# Removing CA Glue from plating?



## jzerger (Apr 27, 2012)

I needed to glue a "twirling clip" into a press-fit pen (Comfort style) and got a glue (CA Medium) smudge on the top of the pen.  Is there an efficient way to do this...  I've tried rubbing alcohol, nail-polish remover with acetone, lighter fluid, with little success.  I'm afraid of soaking the thing in anything as it's now glued to the cap....and so the acrylic pen.

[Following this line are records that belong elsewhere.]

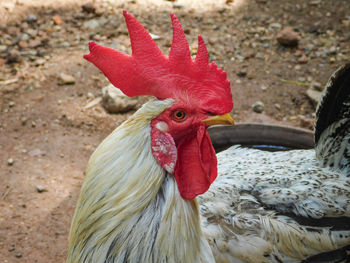 Close-up of rooster male chicken or hen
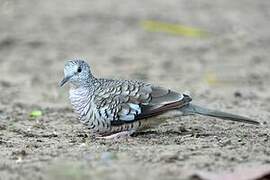 Scaled Dove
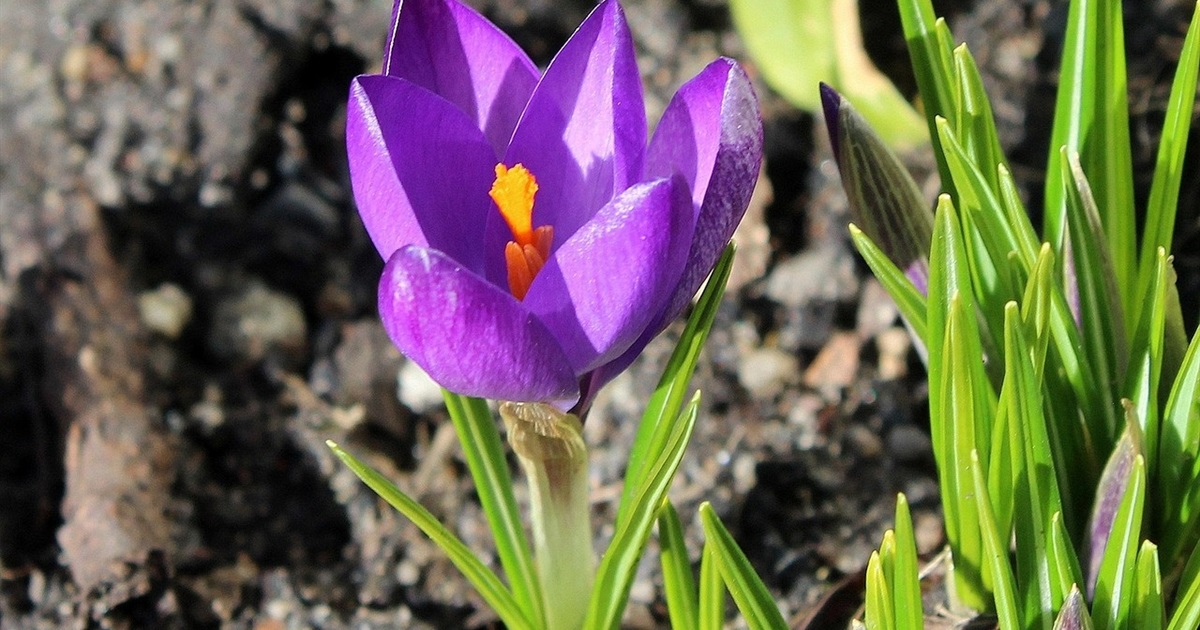 Березень 2026: календар успішних посівів та секрети підготовки насіння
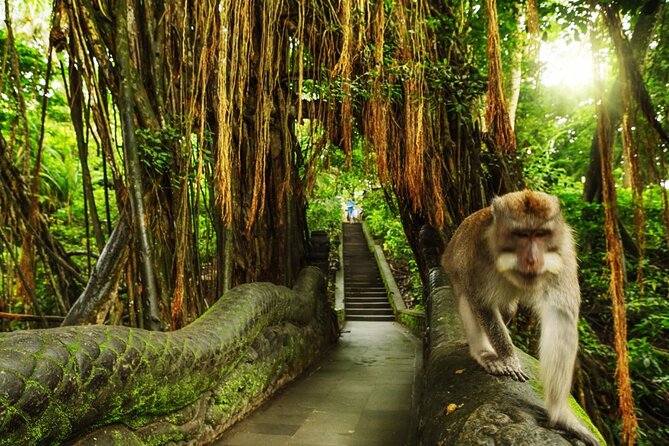 Bali Private Inclusive Tour: Best of Ubud in a Day - Pricing and Policies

I've scraped it off in the past resulting in scraping off part of the plating...
Any ideas?  
Thanks,
john


----------



## StephenM (Apr 27, 2012)

Try ammonia.  I did a fuming experiment and after I fumed the white oak blanks (with the tubes already glued in), the tubes came right out.


----------



## its_virgil (Apr 27, 2012)

Acetone is the accepted solvent for CA glue. One hint: stop using CA for gluing pen parts into place. A better choice is red or blue loctite. Another better choice is two part epoxy. Both loctite and epoxy can be wiped off before they dry. Loctite is my choice for gluing pen parts into place.
Do a good turn daily!
Don


----------



## jzerger (Apr 29, 2012)

Thanks for the help!


----------



## nava1uni (Apr 29, 2012)

I have found that the CA remover from Woodcraft will take it off metal without affecting the lacquer finish or plating.  DAMHIKT  It doesn't smell like acetone and doesn't leave any residue like acetone.


----------